▸ What you should do
In the entries below, repeat only the lines between those holding "조립편한 컵정리용 머그트리 주방걸이 컵거치대, 1개" and "Corinthians é o", inclusive. Leave pictures out.

▸ Supplied records

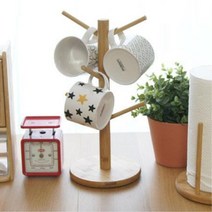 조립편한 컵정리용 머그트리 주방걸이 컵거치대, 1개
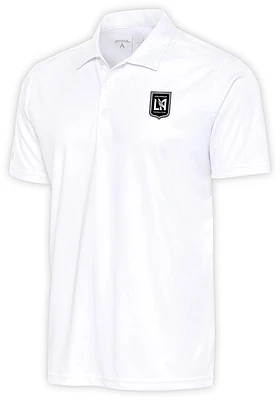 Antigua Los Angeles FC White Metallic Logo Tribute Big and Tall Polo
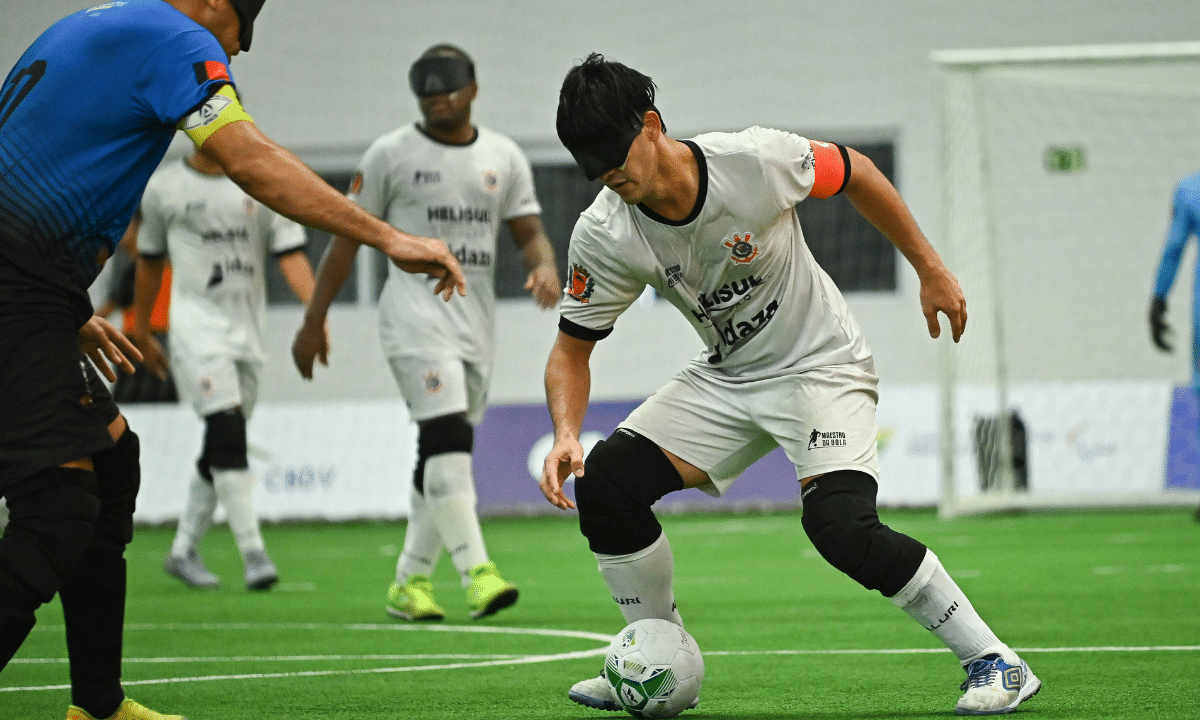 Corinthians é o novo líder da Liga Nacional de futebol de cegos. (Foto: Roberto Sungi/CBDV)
...
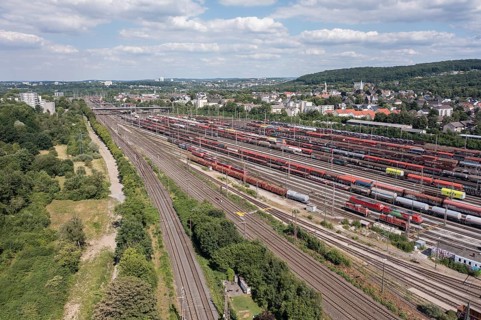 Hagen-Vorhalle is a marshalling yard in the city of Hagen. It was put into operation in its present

▸ Reply
 조립편한 컵정리용 머그트리 주방걸이 컵거치대, 1개
 Antigua Los Angeles FC White Metallic Logo Tribute Big and Tall Polo
 Corinthians é o novo líder da Liga Nacional de futebol de cegos. (Foto: Roberto Sungi/CBDV)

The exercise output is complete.